Structural variation and its potential impact on genome instability: Novel discoveries in the EGFR landscape by long-read sequencing

Autoři: George W. Cook aff001;  Michael G. Benton aff002;  Wallace Akerley aff003;  George F. Mayhew aff004;  Cynthia Moehlenkamp aff004;  Denise Raterman aff004;  Daniel L. Burgess aff004;  William J. Rowell aff005;  Christine Lambert aff005;  Kevin Eng aff005;  Jenny Gu aff005;  Primo Baybayan aff005;  John T. Fussell aff001;  Heath D. Herbold aff001;  John M. O’Shea aff006;  Thomas K. Varghese aff007;  Lyska L. Emerson aff008
Působiště autorů: Sentry Genomics, Baton Rouge, LA, United States of America aff001;  Department of Chemical Engineering, Louisiana State University, Baton Rouge, LA, United States of America aff002;  Huntsman Cancer Institute, University of Utah School of Medicine, Department of Oncological Sciences, Salt Lake City, UT, United States of America aff003;  Roche Sequencing Solutions, Madison, WI, United States of America aff004;  Pacific Biosciences, Menlo Park, CA, United States of America aff005;  Huntsman Cancer Institute, Biorepository Molecular Pathology, Salt Lake City, UT, United States of America aff006;  Huntsman Cancer Institute, University of Utah School of Medicine, Department of Surgery, Division of Thoracic Surgery, Salt Lake City, UT, United States of America aff007;  Huntsman Cancer Institute, University of Utah School of Medicine, Department of Pathology, Salt Lake City, UT, United States of America aff008
Vyšlo v časopise: PLoS ONE 15(1)
Kategorie: Research Article


Structural variation (SV) is typically defined as variation within the human genome that exceeds 50 base pairs (bp).

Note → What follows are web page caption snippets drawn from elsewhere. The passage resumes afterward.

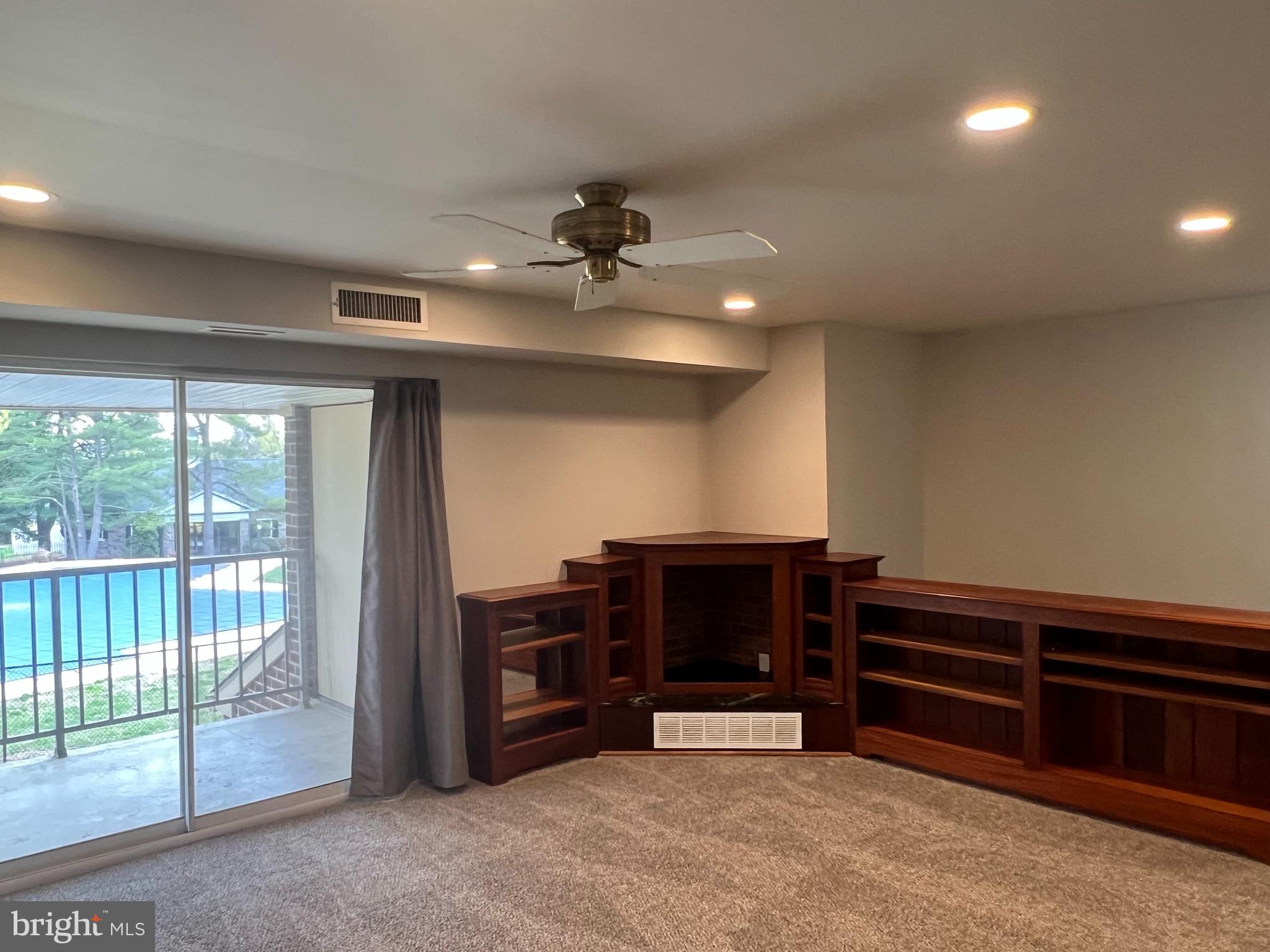 OLD FORGE CROSSING - Residential Lease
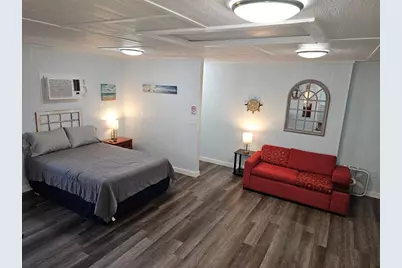 202 W E Street, La Porte, TX 77571 - Photo 1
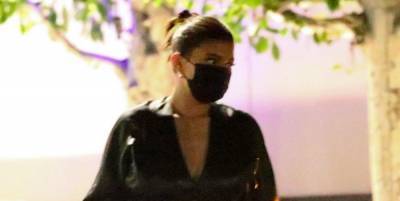Kylie Jenner Flashes Her Toned Midriff While Out at Dinner with Friends - www.justjared.com - Las Vegas - Malibu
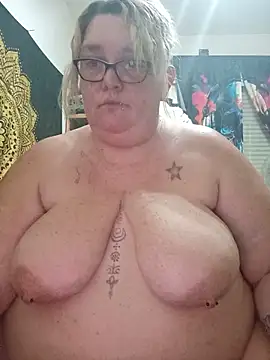 Show modela diosacurvy1984 na web-kameri
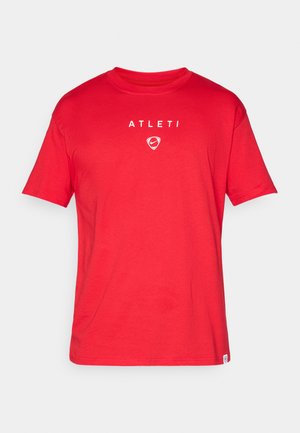 Tricou din bumbac roșu, cu guler rotund, mâneci scurte și cuvântul "ATLETI" cu logo-ul Nike centrat dedesubt.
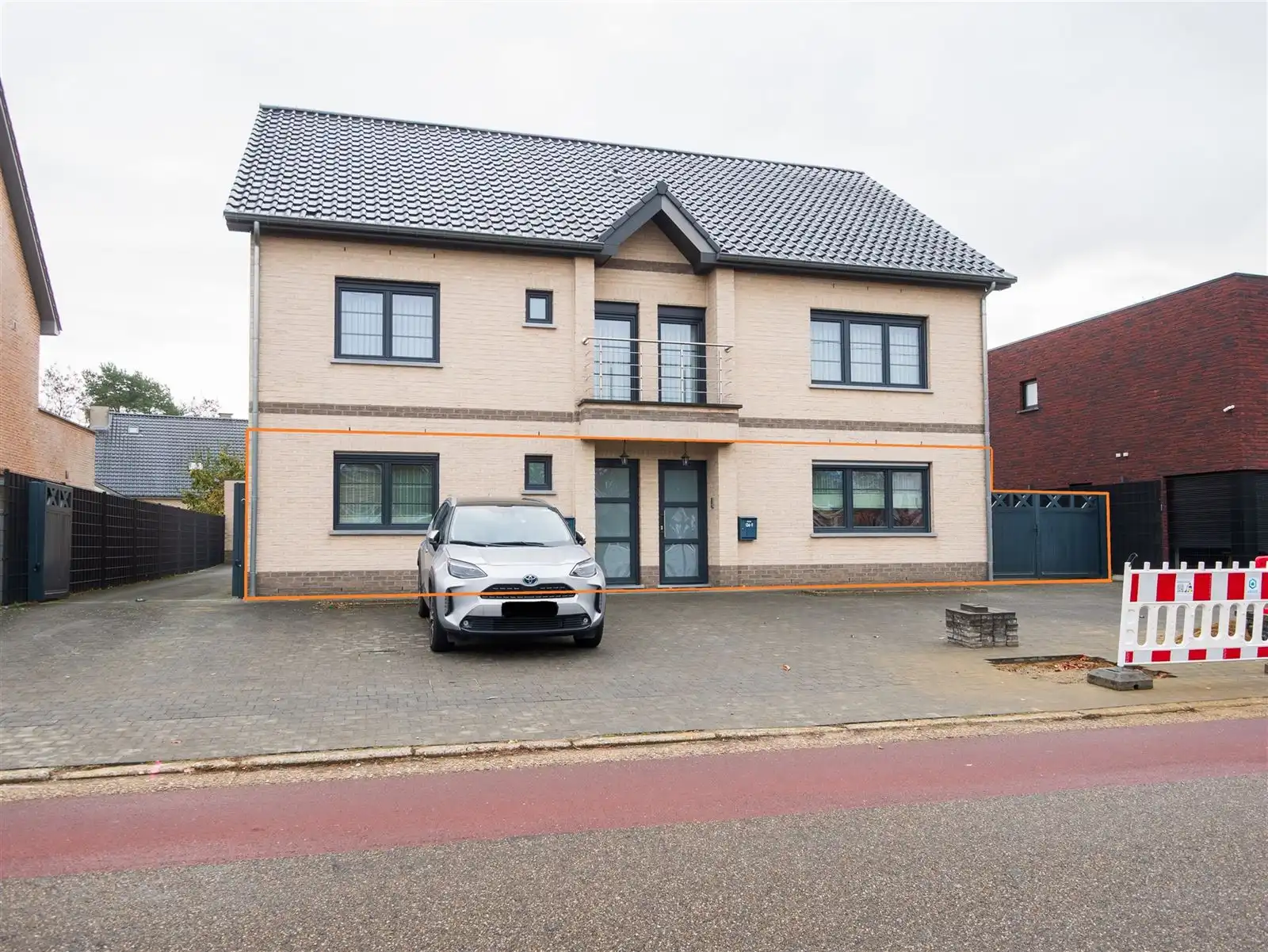 Appartement foto {{pictureIndex}}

SV may be copy number neutral or it may involve duplications, deletions, and complex rearrangements. Recent studies have shown SV to be associated with many human diseases. However, studies of SV have been challenging due to technological constraints. With the advent of third generation (long-read) sequencing technology, exploration of longer stretches of DNA not easily examined previously has been made possible. In the present study, we utilized third generation (long-read) sequencing techniques to examine SV in the EGFR landscape of four haplotypes derived from two human samples. We analyzed the EGFR gene and its landscape (+/- 500,000 base pairs) using this approach and were able to identify a region of non-coding DNA with over 90% similarity to the most common activating EGFR mutation in non-small cell lung cancer. Based on previously published Alu-element genome instability algorithms, we propose a molecular mechanism to explain how this non-coding region of DNA may be interacting with and impacting the stability of the EGFR gene and potentially generating this cancer-driver gene. By these techniques, we were also able to identify previously hidden structural variation in the four haplotypes and in the human reference genome (hg38). We applied previously published algorithms to compare the relative stabilities of these five different EGFR gene landscape haplotypes to estimate their relative potentials to generate the EGFR exon 19, 15 bp canonical deletion. To our knowledge, the present study is the first to use the differences in genomic architecture between targeted cancer-linked phased haplotypes to estimate their relative potentials to form a common cancer-linked driver mutation.

Klíčová slova:

Alu elements – Cancer genomics – Genetic networks – Haplotypes – Human genomics – Protein structure networks – Sequence alignment – Sequence motif analysis


1. Chaisson MJ, Sanders AD, Zhao X, Malhotra A, Porubsky D, Rausch T, et al. Multi-platform discovery of haplotype-resolved structural variation in human genomes. Nature communications. 2019;10. doi: 10.1038/s41467-018-07709-6

2. Consortium GP. A global reference for human genetic variation. Nature. 2015;526(7571):68. doi: 10.1038/nature15393 26432245

3. English AC, Salerno WJ, Hampton OA, Gonzaga-Jauregui C, Ambreth S, Ritter DI, et al. Assessing structural variation in a personal genome—towards a human reference diploid genome. BMC Genomics. 2015;16(1):286.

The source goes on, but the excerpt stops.